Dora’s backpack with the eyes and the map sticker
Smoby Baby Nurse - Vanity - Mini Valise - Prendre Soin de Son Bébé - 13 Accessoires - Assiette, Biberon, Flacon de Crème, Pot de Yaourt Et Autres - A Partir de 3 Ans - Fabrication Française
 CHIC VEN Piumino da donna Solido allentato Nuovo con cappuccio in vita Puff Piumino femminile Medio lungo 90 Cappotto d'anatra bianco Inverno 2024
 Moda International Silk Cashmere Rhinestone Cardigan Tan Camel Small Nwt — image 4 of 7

────

#### [DIRECTIONS FOR THIS TASK]
Transcribe all of the data exactly, leaving no line out.

#### [OUTPUT BELOW]
Dora’s backpack with the eyes and the map sticker
Smoby Baby Nurse - Vanity - Mini Valise - Prendre Soin de Son Bébé - 13 Accessoires - Assiette, Biberon, Flacon de Crème, Pot de Yaourt Et Autres - A Partir de 3 Ans - Fabrication Française
 CHIC VEN Piumino da donna Solido allentato Nuovo con cappuccio in vita Puff Piumino femminile Medio lungo 90 Cappotto d'anatra bianco Inverno 2024
 Moda International Silk Cashmere Rhinestone Cardigan Tan Camel Small Nwt — image 4 of 7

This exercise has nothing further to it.